AVAILABLE RECORDS -
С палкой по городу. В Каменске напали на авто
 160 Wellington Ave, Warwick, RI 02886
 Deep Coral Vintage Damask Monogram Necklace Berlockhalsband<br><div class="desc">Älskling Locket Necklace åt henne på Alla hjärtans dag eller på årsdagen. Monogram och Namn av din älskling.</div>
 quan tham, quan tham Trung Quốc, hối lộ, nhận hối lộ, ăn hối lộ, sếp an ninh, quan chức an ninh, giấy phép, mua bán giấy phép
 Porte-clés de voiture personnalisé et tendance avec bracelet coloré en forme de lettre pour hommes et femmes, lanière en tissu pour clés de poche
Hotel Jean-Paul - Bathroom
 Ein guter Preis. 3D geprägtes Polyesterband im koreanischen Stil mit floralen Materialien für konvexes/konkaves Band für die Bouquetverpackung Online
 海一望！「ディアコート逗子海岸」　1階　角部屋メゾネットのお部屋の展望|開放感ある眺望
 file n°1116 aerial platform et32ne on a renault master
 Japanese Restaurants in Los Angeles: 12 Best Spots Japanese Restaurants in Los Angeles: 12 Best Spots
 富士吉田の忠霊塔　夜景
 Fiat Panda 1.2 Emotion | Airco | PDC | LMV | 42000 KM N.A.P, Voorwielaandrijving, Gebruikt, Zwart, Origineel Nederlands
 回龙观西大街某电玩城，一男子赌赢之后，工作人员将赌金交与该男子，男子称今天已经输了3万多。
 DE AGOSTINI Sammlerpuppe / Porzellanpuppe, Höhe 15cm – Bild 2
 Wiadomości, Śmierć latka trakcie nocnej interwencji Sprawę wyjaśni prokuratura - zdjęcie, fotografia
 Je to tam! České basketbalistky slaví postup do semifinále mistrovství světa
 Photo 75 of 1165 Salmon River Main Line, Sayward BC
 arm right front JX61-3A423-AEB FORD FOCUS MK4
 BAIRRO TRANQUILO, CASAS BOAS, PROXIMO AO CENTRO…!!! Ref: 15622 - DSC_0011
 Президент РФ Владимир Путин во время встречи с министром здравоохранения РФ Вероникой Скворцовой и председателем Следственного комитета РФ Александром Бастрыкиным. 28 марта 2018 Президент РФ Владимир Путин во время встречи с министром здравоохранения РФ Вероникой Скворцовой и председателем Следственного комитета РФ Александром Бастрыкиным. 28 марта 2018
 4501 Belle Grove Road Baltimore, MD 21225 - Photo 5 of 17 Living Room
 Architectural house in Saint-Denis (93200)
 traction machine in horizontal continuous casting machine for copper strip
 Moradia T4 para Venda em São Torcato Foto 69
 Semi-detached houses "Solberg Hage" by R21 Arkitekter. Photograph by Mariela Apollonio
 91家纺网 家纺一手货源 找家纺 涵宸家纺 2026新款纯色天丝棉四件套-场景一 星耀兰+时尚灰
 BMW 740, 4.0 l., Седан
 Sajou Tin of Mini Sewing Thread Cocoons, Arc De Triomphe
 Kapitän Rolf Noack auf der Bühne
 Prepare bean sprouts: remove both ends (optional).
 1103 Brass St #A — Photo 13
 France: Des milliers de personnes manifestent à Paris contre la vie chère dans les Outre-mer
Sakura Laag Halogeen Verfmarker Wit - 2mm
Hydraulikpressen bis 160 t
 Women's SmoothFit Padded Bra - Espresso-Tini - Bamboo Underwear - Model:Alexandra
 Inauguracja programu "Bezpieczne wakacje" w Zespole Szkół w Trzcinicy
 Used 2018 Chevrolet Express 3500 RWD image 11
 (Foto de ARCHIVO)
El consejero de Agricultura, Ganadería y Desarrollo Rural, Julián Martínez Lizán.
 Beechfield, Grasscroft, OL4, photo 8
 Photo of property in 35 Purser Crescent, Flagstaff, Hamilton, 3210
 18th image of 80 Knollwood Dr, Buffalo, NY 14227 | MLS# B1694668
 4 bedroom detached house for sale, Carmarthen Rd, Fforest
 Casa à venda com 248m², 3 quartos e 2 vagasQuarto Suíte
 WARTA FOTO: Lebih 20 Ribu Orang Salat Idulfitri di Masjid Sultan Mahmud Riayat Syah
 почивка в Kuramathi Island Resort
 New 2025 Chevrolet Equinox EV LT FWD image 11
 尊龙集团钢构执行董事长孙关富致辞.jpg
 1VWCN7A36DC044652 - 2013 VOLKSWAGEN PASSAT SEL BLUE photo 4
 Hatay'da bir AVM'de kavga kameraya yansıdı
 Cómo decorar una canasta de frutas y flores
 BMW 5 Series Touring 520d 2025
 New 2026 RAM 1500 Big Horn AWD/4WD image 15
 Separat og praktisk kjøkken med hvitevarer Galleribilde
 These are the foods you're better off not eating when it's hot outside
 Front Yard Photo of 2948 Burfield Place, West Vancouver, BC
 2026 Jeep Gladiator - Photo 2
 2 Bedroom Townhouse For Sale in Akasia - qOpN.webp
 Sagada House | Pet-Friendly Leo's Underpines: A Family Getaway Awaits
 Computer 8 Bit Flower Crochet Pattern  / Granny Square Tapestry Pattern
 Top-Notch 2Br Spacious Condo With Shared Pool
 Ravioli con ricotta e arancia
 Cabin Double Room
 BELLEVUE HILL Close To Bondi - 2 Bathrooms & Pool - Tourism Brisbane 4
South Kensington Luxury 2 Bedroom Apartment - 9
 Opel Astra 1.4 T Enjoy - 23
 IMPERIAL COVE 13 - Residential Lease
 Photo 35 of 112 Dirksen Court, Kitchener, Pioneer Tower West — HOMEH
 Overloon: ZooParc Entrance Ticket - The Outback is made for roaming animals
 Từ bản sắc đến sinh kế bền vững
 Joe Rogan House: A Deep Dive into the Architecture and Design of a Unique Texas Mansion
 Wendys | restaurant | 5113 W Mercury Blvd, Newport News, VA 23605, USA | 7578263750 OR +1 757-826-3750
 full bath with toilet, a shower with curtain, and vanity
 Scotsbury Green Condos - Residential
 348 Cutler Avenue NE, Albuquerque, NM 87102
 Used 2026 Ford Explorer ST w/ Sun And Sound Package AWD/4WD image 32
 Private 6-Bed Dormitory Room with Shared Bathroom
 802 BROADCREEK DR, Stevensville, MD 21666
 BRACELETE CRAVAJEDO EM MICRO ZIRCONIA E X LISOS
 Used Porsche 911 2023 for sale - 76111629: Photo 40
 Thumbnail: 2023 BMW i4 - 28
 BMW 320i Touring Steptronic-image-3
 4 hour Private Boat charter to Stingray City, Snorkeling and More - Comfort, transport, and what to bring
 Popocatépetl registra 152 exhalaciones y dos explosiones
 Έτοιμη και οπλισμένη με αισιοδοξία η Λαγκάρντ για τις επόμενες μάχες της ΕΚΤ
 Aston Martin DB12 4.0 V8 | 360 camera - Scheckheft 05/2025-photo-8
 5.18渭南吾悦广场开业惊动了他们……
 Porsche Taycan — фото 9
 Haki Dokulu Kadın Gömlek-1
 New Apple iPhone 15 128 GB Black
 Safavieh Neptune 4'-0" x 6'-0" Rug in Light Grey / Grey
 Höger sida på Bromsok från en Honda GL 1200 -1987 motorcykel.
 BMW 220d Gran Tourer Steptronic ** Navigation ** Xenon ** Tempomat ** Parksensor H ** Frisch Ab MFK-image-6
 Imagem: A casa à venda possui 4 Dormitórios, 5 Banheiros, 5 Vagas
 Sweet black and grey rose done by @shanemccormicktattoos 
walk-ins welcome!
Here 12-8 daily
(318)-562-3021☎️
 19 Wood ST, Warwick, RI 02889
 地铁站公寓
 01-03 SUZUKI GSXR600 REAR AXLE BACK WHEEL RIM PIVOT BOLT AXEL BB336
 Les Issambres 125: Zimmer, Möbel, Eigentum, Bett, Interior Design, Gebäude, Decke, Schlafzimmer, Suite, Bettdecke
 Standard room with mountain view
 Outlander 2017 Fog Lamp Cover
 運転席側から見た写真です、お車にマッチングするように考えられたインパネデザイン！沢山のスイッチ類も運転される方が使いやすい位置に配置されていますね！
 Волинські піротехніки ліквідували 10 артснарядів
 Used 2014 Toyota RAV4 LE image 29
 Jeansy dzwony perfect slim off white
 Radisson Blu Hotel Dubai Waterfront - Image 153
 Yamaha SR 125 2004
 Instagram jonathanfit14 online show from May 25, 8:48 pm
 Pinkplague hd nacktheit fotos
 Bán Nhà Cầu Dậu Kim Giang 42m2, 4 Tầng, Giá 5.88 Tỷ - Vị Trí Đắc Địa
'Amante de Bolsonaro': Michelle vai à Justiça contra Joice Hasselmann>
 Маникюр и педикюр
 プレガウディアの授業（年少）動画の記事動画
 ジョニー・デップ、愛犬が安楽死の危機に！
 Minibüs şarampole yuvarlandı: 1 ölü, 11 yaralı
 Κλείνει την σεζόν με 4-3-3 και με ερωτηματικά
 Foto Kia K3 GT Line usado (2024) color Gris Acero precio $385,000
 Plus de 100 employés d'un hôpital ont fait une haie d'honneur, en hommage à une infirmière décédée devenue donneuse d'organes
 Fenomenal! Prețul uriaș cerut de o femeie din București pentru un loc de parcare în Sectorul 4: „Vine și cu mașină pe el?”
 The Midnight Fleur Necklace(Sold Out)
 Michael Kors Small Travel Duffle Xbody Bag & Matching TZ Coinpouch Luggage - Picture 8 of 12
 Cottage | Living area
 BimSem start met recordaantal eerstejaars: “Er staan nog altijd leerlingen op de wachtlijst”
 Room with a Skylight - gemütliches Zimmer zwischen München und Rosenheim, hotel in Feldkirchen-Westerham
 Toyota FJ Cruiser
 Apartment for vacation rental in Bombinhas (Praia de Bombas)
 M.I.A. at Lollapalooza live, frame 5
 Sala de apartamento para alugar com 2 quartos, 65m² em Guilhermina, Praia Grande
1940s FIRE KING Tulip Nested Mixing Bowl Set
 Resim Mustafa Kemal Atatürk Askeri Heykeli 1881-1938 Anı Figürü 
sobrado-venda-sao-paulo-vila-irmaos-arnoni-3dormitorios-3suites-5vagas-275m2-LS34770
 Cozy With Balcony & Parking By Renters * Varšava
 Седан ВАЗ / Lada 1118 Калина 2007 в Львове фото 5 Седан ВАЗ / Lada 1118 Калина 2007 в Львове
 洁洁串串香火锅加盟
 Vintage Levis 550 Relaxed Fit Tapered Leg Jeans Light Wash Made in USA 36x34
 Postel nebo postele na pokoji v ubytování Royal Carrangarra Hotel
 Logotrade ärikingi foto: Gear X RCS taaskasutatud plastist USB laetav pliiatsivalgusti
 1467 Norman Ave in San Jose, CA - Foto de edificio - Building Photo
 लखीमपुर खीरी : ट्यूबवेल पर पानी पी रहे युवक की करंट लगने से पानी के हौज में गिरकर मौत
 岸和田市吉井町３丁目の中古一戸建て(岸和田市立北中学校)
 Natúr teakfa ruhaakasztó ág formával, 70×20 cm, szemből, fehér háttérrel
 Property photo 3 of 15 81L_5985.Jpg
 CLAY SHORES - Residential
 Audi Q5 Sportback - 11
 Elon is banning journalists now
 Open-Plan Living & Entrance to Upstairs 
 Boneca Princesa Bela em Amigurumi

DIRECTIONS FOR THIS TASK - Return, word for word, every line from the top of the entries down to the line that holds "traction machine in", both included.

RESULT OF THE EXERCISE -
С палкой по городу. В Каменске напали на авто
 160 Wellington Ave, Warwick, RI 02886
 Deep Coral Vintage Damask Monogram Necklace Berlockhalsband<br><div class="desc">Älskling Locket Necklace åt henne på Alla hjärtans dag eller på årsdagen. Monogram och Namn av din älskling.</div>
 quan tham, quan tham Trung Quốc, hối lộ, nhận hối lộ, ăn hối lộ, sếp an ninh, quan chức an ninh, giấy phép, mua bán giấy phép
 Porte-clés de voiture personnalisé et tendance avec bracelet coloré en forme de lettre pour hommes et femmes, lanière en tissu pour clés de poche
Hotel Jean-Paul - Bathroom
 Ein guter Preis. 3D geprägtes Polyesterband im koreanischen Stil mit floralen Materialien für konvexes/konkaves Band für die Bouquetverpackung Online
 海一望！「ディアコート逗子海岸」　1階　角部屋メゾネットのお部屋の展望|開放感ある眺望
 file n°1116 aerial platform et32ne on a renault master
 Japanese Restaurants in Los Angeles: 12 Best Spots Japanese Restaurants in Los Angeles: 12 Best Spots
 富士吉田の忠霊塔　夜景
 Fiat Panda 1.2 Emotion | Airco | PDC | LMV | 42000 KM N.A.P, Voorwielaandrijving, Gebruikt, Zwart, Origineel Nederlands
 回龙观西大街某电玩城，一男子赌赢之后，工作人员将赌金交与该男子，男子称今天已经输了3万多。
 DE AGOSTINI Sammlerpuppe / Porzellanpuppe, Höhe 15cm – Bild 2
 Wiadomości, Śmierć latka trakcie nocnej interwencji Sprawę wyjaśni prokuratura - zdjęcie, fotografia
 Je to tam! České basketbalistky slaví postup do semifinále mistrovství světa
 Photo 75 of 1165 Salmon River Main Line, Sayward BC
 arm right front JX61-3A423-AEB FORD FOCUS MK4
 BAIRRO TRANQUILO, CASAS BOAS, PROXIMO AO CENTRO…!!! Ref: 15622 - DSC_0011
 Президент РФ Владимир Путин во время встречи с министром здравоохранения РФ Вероникой Скворцовой и председателем Следственного комитета РФ Александром Бастрыкиным. 28 марта 2018 Президент РФ Владимир Путин во время встречи с министром здравоохранения РФ Вероникой Скворцовой и председателем Следственного комитета РФ Александром Бастрыкиным. 28 марта 2018
 4501 Belle Grove Road Baltimore, MD 21225 - Photo 5 of 17 Living Room
 Architectural house in Saint-Denis (93200)
 traction machine in horizontal continuous casting machine for copper strip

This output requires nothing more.